[grapevines]

This is similar to an idea that I've been kicking around.

It is basically a arbitrary precision beta-reducer for untyped lambda calculus. I think I theoretically would need a machine that only needs four instructions on a theoretical machine (presumably some sort of FPGA), those being write, load, flip, and meld.

I bring this up, because instead of compiling to C, you could simply use a general purpose beta-reducer, and this would allow for arbitrary precision computation instead of being limited to 32 bits or 64 bits or whatever.

It is written in Agda, meaning that it could be a compiler for any arbitrary calculus that could be translated into an untyped lambda calculus.

Unfortunately, my adviser told me that it is a side-project due to lack of theoretical grounding.

You can check it out here: https://github.com/jbodeen/-ava

[asQuirreL]

This idea has been knocking around the collective consciousness of computer science for a while now. For example, the SECD machine [1], a virtual machine for functional programming languages to target. Then there are also examples of people compiling functional programming languages to various lambda calculus bases, such as SKI [2], and BCKW [3]. Through the judicious use of some extra combinators, you can also get more compact "object code"[Turner79].

One advantage of compiling to something like an SKI or BCKW basis (or a mix) is that you can represent abstraction (functions/closures) without bound variables, or scoping, which can be a pain to implement (esp. in hardware).

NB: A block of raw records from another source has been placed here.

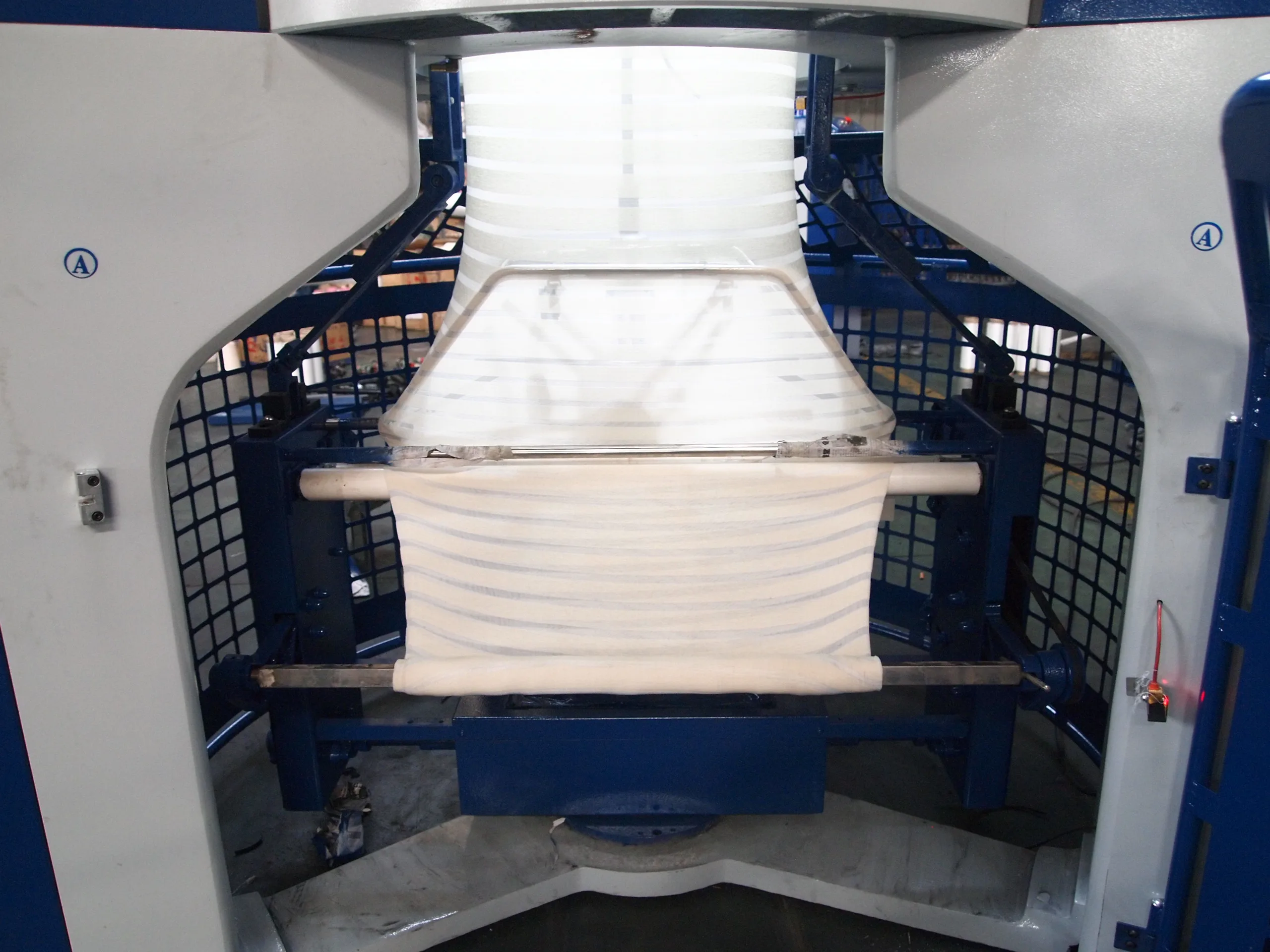 New Single Knitting Machine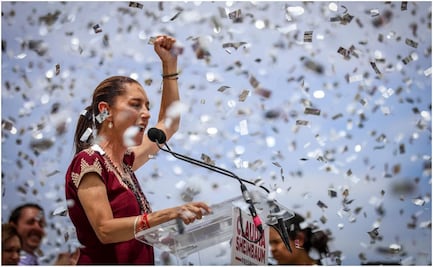 México será ejemplo de transición energética: Claudia Sheinbaum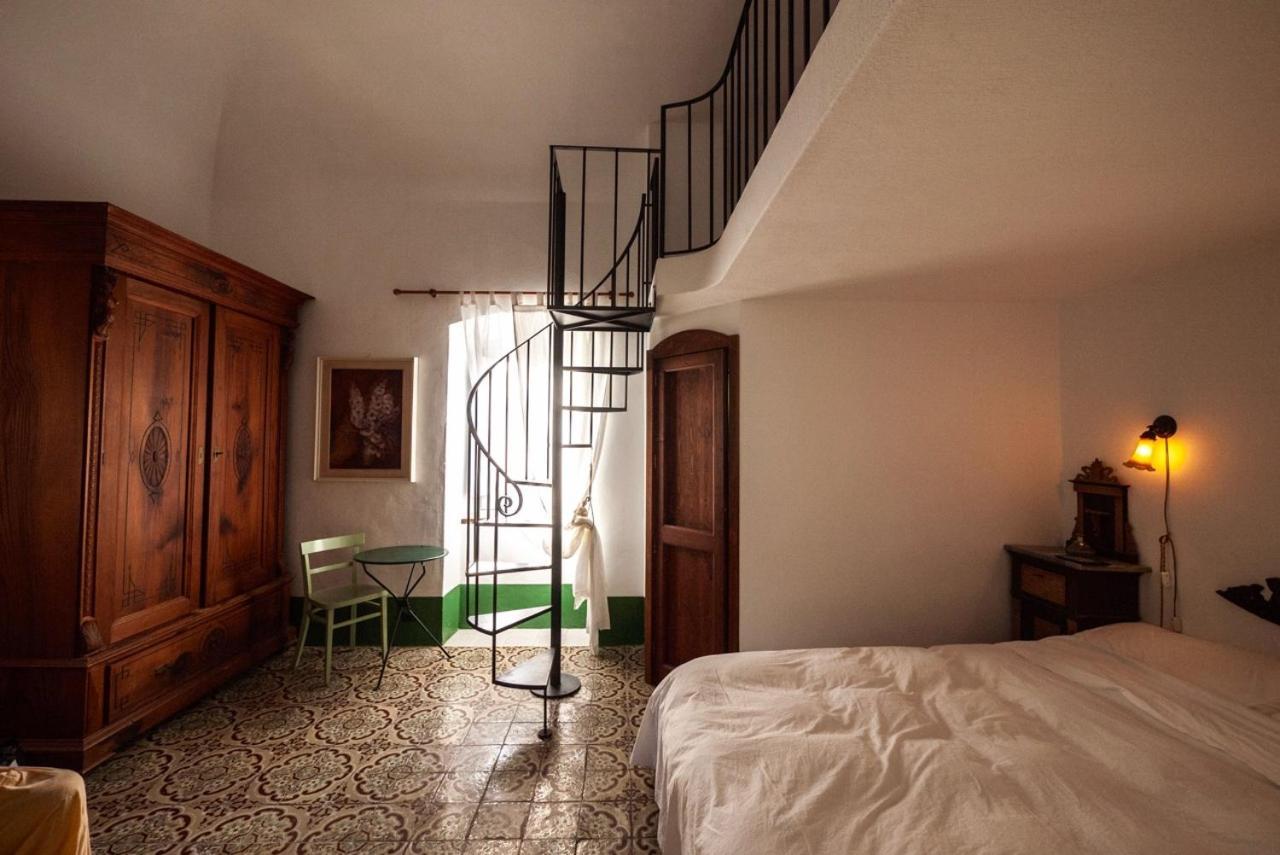 Villa Casa Migliaca à Pettineo Chambre photo
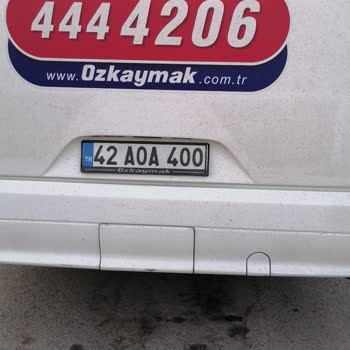 Özkaymak Turizm Otobüs Firması Mağduriyetim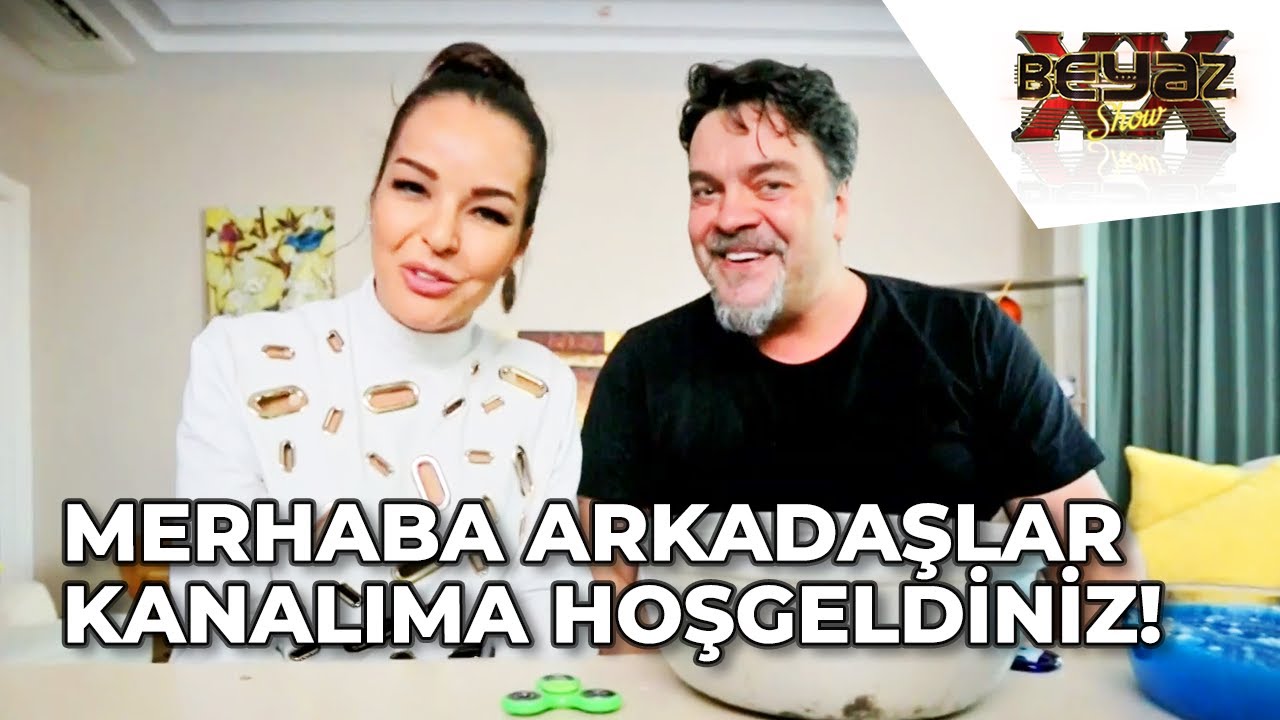 Beyaz Ve Bengü Youtube Kanalı Açarsa! - Beyaz Show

Take, for example, the SKI basis. Suppose you had two functions, with types as follows:

  f :: a -> b
  g :: b -> a -> c

And you wished to combine them in the natural way to get `h`:

  h :: b -> c
  h x = g (f x) x 

Then, to achieve the same with S, K and I combinators we do the following (assuming we have SKI representations of `f, g` as `F, G`.

  H := S(S(KG)F)I

The `x` has disappeared! But, if we apply H to some CL expression `X` we get:

  HX = S(S(KG)F)IX
     = S(KG)FX(IX)    ;; apply S
     = KGX(FX)(IX)    ;; apply S   
     = G(FX)(IX)      ;; apply K
     = G(FX)X         ;; apply I

We can use S to Split (duplicate) parameters, and K to Kill (ignore) parameters, in a very straight forward way. Imagine the AST of the original code:

     App
     /\
    /  \
   App  x
   /\
  / App
  g /\
   /  \
   f  x

Every `App` is replaced with an `S`, every `x` with an `I`, everything else (`y`) is replaced with `Ky`. In my example, I have also gone to the trouble of "optimising" `S(KF)I` away, as it is equivalent to just `F`.

Interesting stuff, and plenty of theoretical grounding to boot. Especially as this sort of thing has started enjoying a renaissance, in the likes of "point-free" notation in languages like Haskell.

[1]: http://en.wikipedia.org/wiki/SECD_machine [2]: http://en.wikipedia.org/wiki/SKI_combinator_calculus [3]: http://en.wikipedia.org/wiki/B,C,K,W_system [Turner79]: http://courses.cecs.anu.edu.au/courses/COMP3610/assignments/... (apologies, I couldn't seem to find a version with an intact abstract).

[polymatter]

Interesting stuff.

btw I think the type of your the function h is a -> c. I know its a minor typo, but it confused me while I was trying to follow.

[asQuirreL]

You're right `h :: a -> c`.